#### GOAL OF THE EXERCISE
The answer must reproduce exactly the lines from the one with "Autumn Farrell セクシー女優 画像" through the end of the material, and it must contain no pictures.
(DATASET EXCERPT Opens)
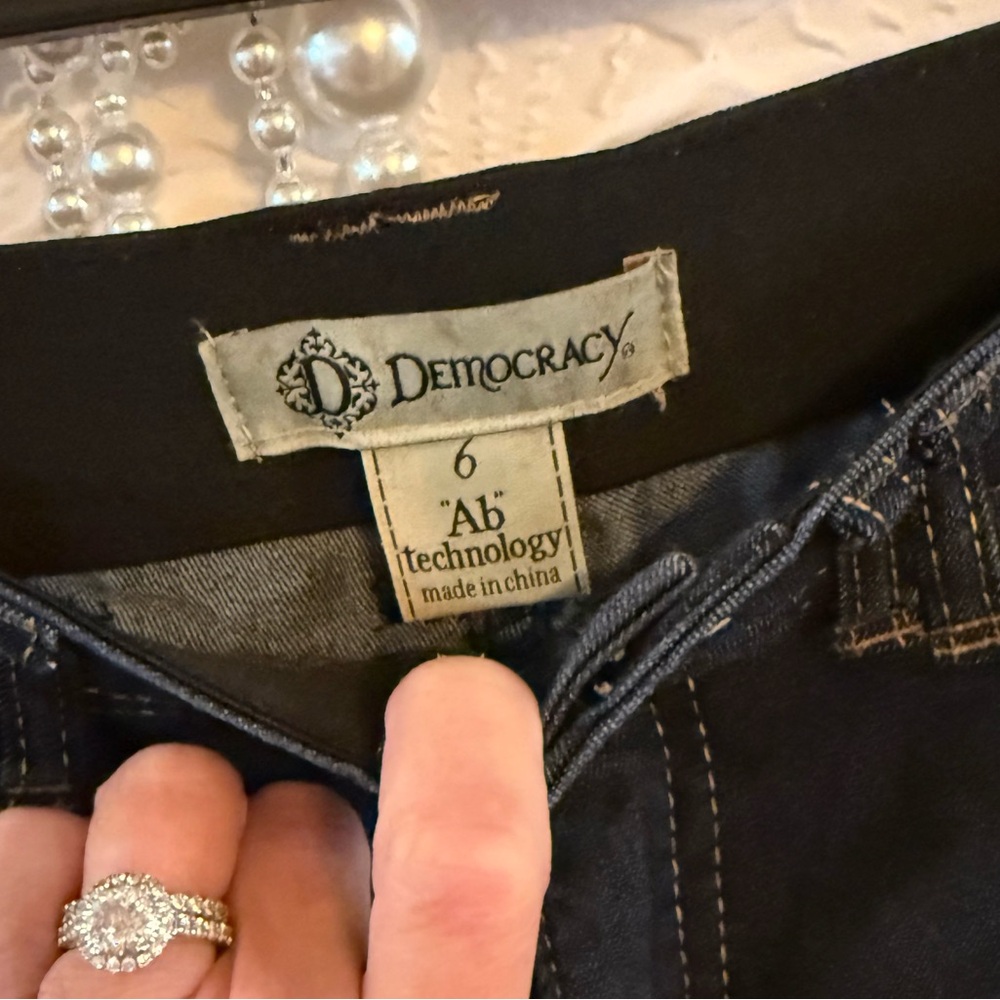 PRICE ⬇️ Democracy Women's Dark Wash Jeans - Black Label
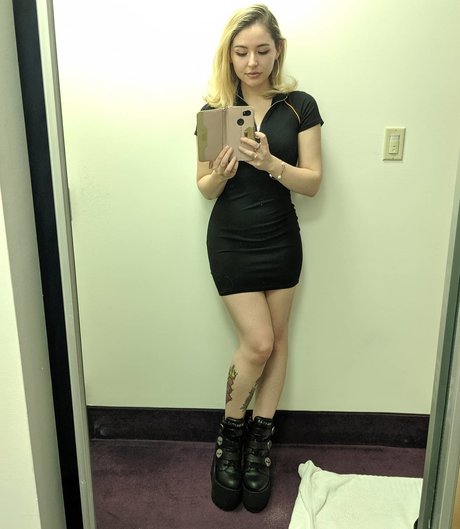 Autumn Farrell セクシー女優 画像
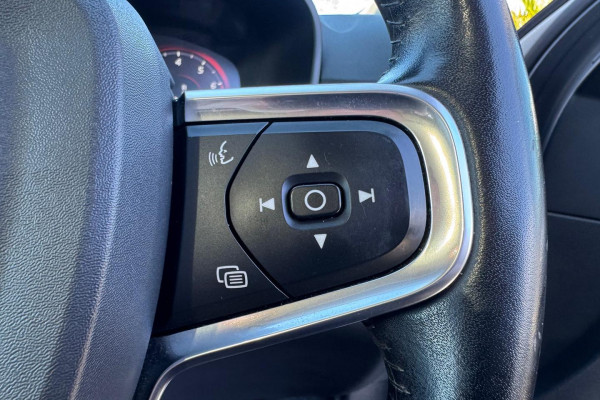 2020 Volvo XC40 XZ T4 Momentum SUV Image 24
(DATASET EXCERPT Closes)
#### YOUR SOLUTION
 Autumn Farrell セクシー女優 画像
 2020 Volvo XC40 XZ T4 Momentum SUV Image 24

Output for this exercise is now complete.